● WHAT IS REQUIRED: Each line of the data below between the one containing "I'm Zach Kolzert" and the one containing "The road to", both included, is to be repeated exactly. Please omit pictures.

● INPUT:

···

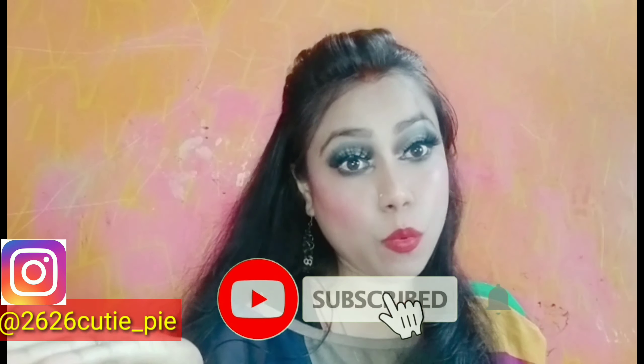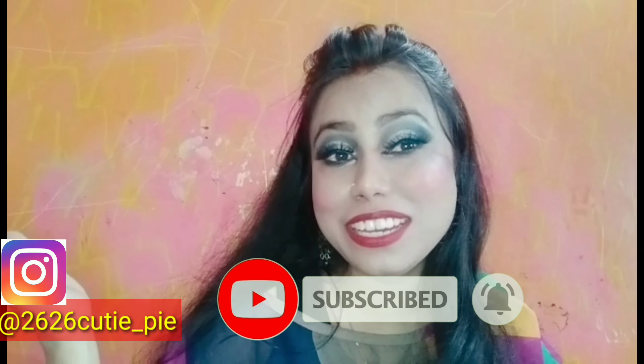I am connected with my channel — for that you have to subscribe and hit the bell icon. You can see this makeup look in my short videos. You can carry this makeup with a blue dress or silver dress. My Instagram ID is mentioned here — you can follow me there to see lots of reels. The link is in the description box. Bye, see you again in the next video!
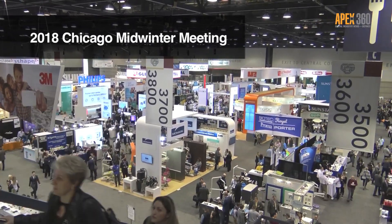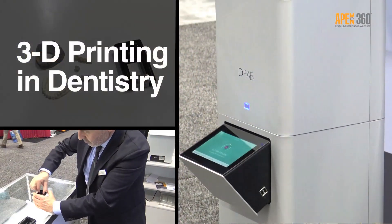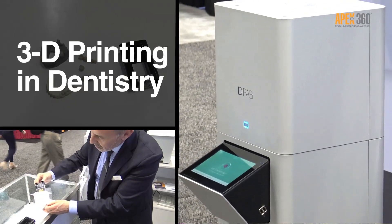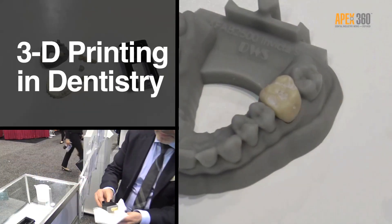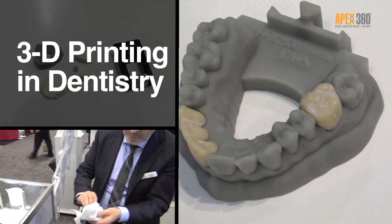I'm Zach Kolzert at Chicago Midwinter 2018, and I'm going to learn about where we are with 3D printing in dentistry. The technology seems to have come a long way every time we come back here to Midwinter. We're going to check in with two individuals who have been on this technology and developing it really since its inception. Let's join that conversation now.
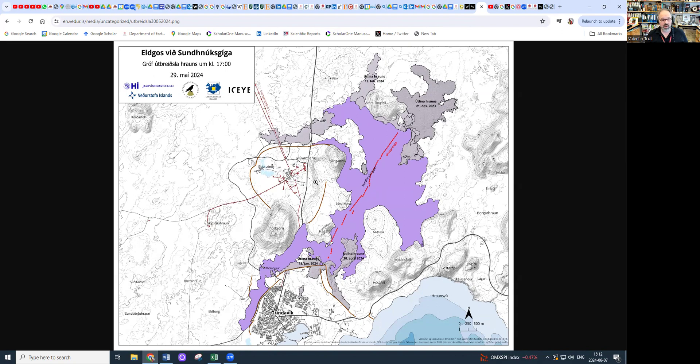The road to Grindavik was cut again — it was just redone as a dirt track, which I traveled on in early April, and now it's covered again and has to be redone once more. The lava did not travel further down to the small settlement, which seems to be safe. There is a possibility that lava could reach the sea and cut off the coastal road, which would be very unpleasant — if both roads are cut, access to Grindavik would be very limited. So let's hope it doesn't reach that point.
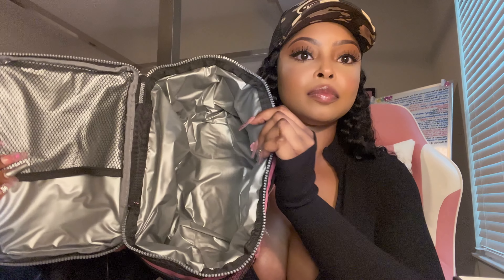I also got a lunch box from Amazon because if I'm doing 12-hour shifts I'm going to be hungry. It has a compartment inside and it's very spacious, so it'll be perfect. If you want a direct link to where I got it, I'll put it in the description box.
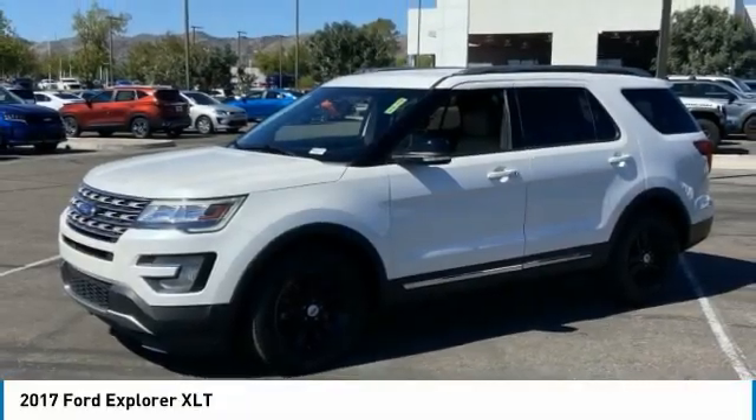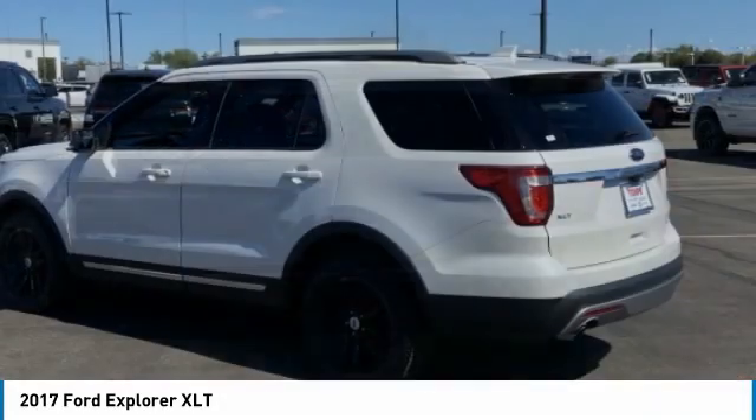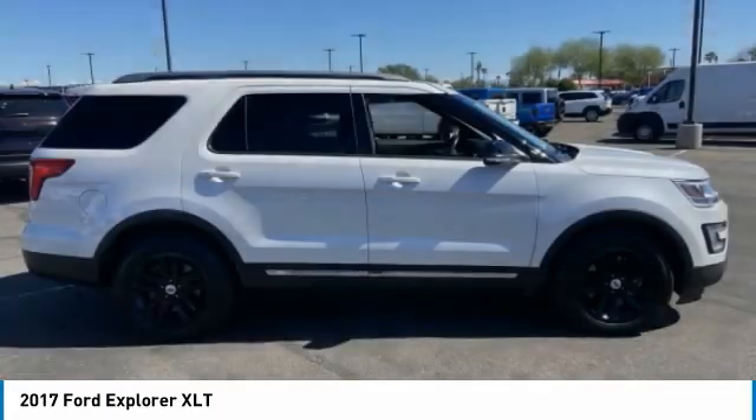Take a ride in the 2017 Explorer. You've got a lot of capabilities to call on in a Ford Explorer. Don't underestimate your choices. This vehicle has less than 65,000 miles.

···

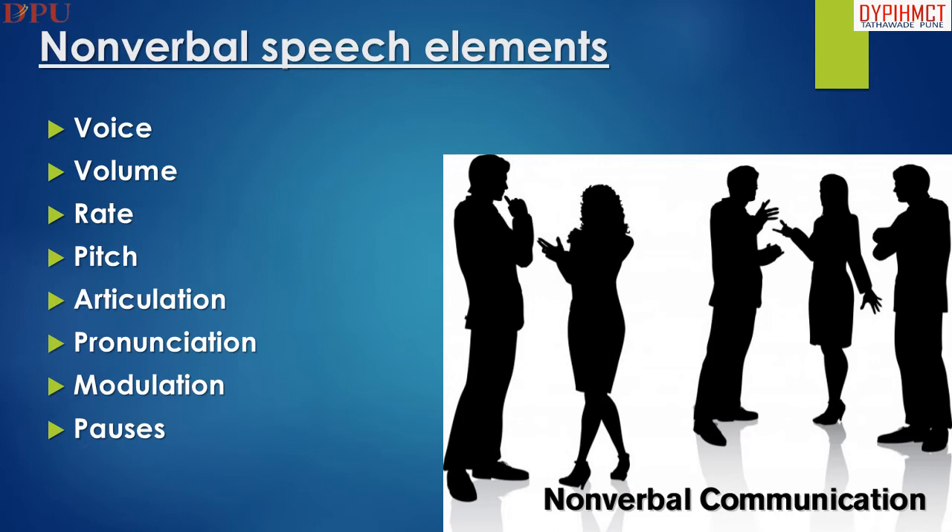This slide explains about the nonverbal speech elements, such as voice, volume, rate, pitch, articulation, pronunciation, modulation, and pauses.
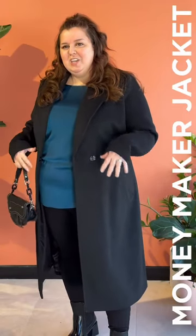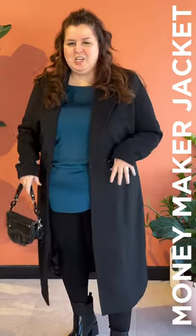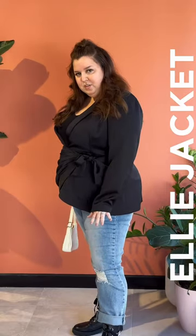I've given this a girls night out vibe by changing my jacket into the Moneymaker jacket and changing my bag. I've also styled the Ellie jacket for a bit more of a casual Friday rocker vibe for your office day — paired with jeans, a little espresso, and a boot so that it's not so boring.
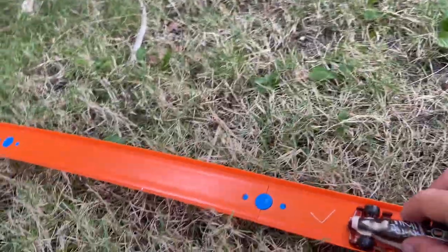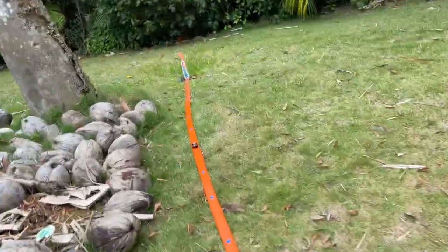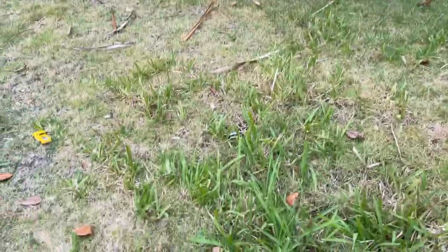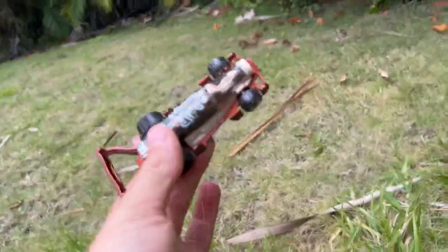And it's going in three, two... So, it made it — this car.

···

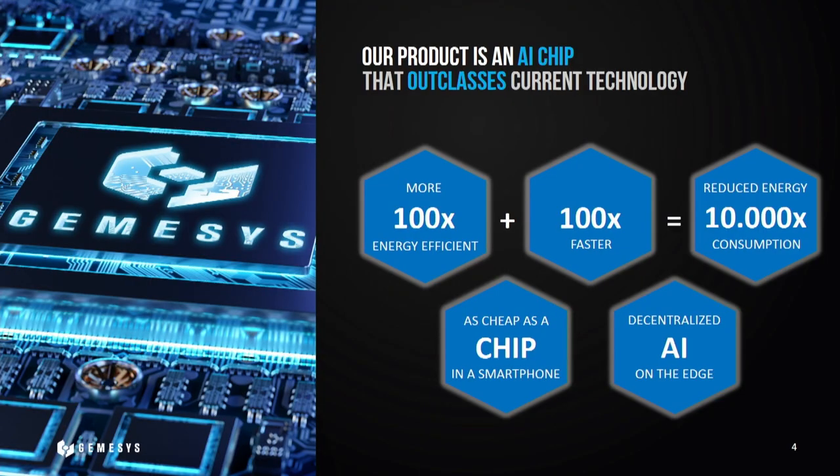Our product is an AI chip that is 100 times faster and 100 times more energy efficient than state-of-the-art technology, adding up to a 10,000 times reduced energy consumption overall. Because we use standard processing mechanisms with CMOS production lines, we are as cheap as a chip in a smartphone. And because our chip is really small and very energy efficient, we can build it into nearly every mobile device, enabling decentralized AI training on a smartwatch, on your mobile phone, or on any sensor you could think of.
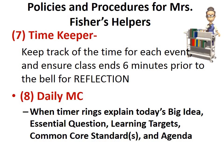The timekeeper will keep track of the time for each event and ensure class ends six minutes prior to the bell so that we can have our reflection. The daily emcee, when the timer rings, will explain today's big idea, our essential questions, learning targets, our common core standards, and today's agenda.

···

● WRITTEN REPLY:
I'm Zach Kolzert at Chicago Midwinter 2018, and I'm going to learn about where we are with 3D printing in dentistry. The technology seems to have come a long way every time we come back here to Midwinter. We're going to check in with two individuals who have been on this technology and developing it really since its inception. Let's join that conversation now.
The road to Grindavik was cut again — it was just redone as a dirt track, which I traveled on in early April, and now it's covered again and has to be redone once more. The lava did not travel further down to the small settlement, which seems to be safe. There is a possibility that lava could reach the sea and cut off the coastal road, which would be very unpleasant — if both roads are cut, access to Grindavik would be very limited. So let's hope it doesn't reach that point.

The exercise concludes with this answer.